Yeni aksanlar, yeni diller ve yeni hedefler
-Yeni içerikleri nasıl belirliyorsunuz?
“Takipçileri dinliyorum. Brezilya Portekizcesi, Arapça, Japonca ve Çince aksanlarını çok isteyen oldu — hâlâ üzerinde çalışıyorum. Ayrıca dil öğrenme tavsiyesi isteyen çok kişi var, bu yüzden insanların dil öğrenmeyi sevebileceği videolar hazırlamak istiyorum. Son iki yıldır üniversite sorumluluklarımdan dolayı aktif değildim. 2026’da yeniden içerik üretimine tam zamanlı dönmek istiyorum. Takipçilerim bunu hak ediyor.”
“Her şey bir Türk’ün tek bir cümlesiyle başladı…”
-Hesabınızın ortaya çıkış hikâyesi nedir?
“Tuhaf ama The Language Blondie hesabının ortaya çıkmasını sağlayan kişi inanılmaz bir Türk kadını olan Sinem’di. 2022’de çalıştığım bir basketbol şampiyonasında hakemdi. Türkçe konuşma yeteneğim onu çok etkilemişti ve bir gün bana şunu söyledi: ‘Sahip olduğun şey inanılmaz nadir, bununla bir şey yapmalısın.
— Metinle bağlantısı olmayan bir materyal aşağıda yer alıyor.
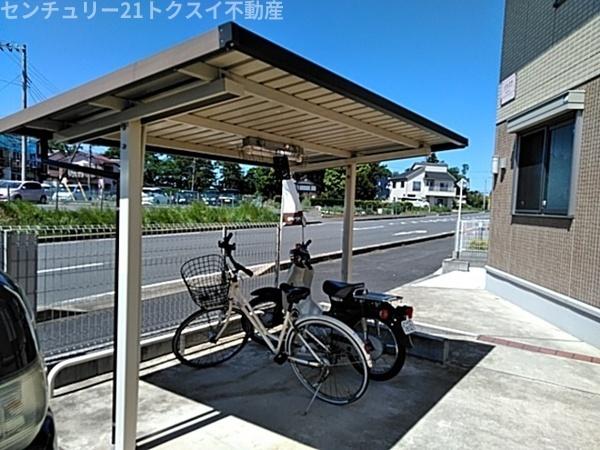 佐倉市城のアパート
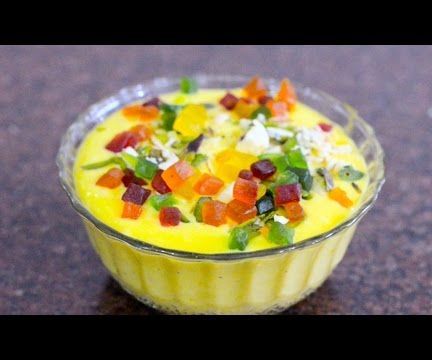 Mango Shrikhand (Aamkhand) : Easy Tasty Yummy (Greek Yogurt & Mango Dessert
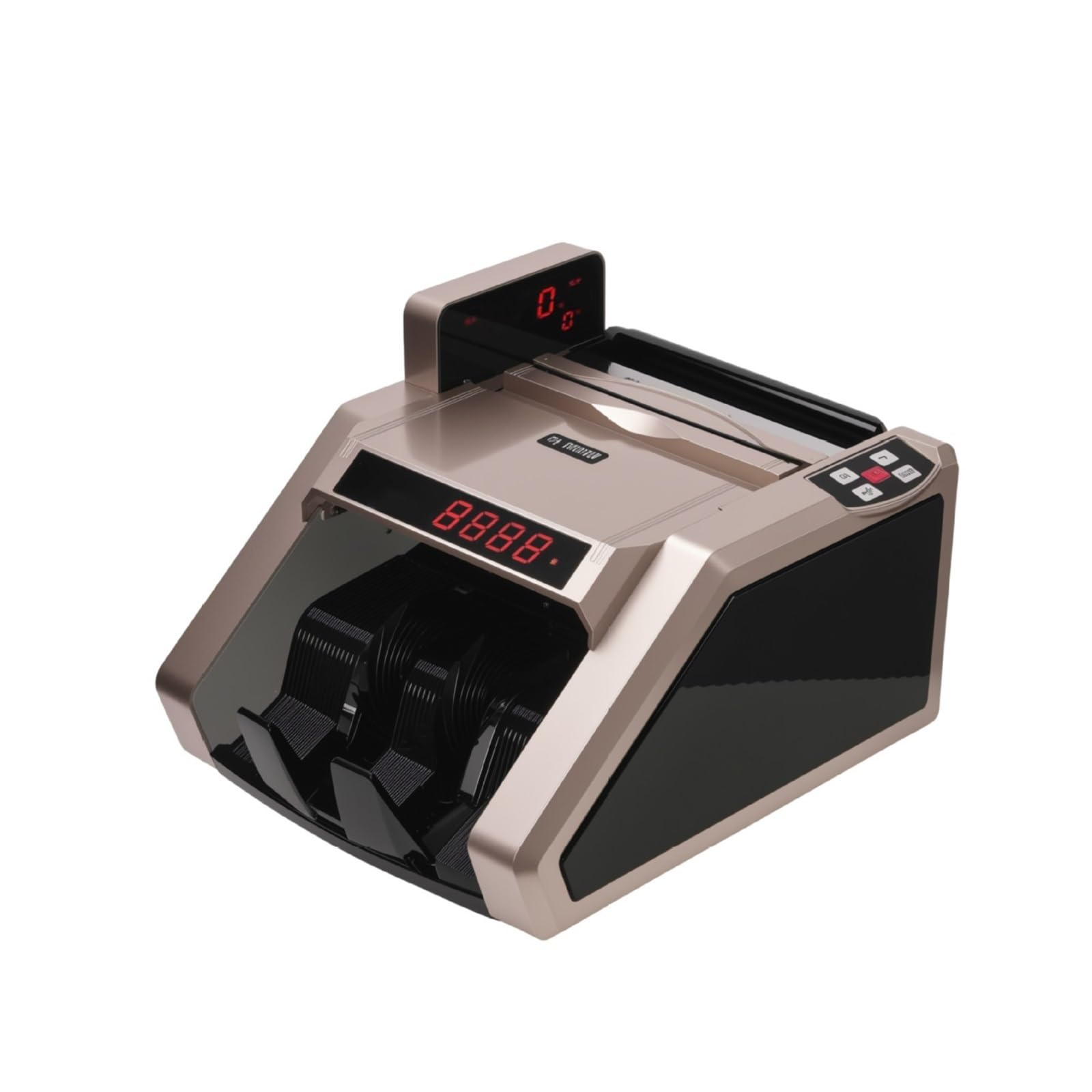 Contatore di banconote compatto Mix Value per oltre 130 valute, scanner LCD IR magnetico UV,Rilevamento preciso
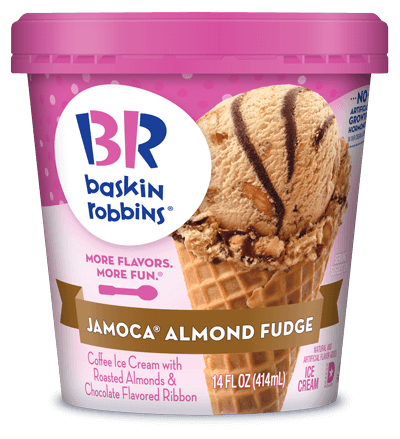 Jamoca Almond Fudge | Baskin-Robbins® At Home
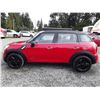 Image 8 : G4 --  2012 MINI COOPER S COUNTRYMAN, Red, 158597 KM's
Ciddiyim, yeteneğini harcama.’
İşte o cümle her şeyi değiştirdi. İyi ki varsın Sinem.”
——
Röportaj boyunca fark ettiğim en önemli şey, Teona Sima’nın yalnızca çok dilli bir fenomen ya da viral videoların yıldızı olmadığıydı. Onu özel kılan asıl şey, milyonlara ulaşan bir içerik üretici olmasına rağmen tek bir an bile kibir taşımayan, sorularımıza büyük bir nezaketle yaklaşan, içtenliği gözlerinden okunan bir karaktere sahip olması.
Sosyal medya dünyasında ün, çoğu zaman kişiliğin önüne geçer. Ama Teona’nın nezaketi, alçakgönüllülüğü ve insanlara duyduğu gerçek sevgi, onun parlayan yeteneğini daha da değerli kılıyor.
2026’da yeniden aktif olarak içerik üretmeye dönecek olması, hem Türkiye’de hem de dünya çapında onu seven yüzbinlerce insan için şimdiden heyecan verici.
Teona Sima’yı biraz daha yakından tanıdık… Bundan sonrası ise belli:
O, aksanların büyülü sesi olmaya devam ederken biz de keyifle izlemeye devam edeceğiz.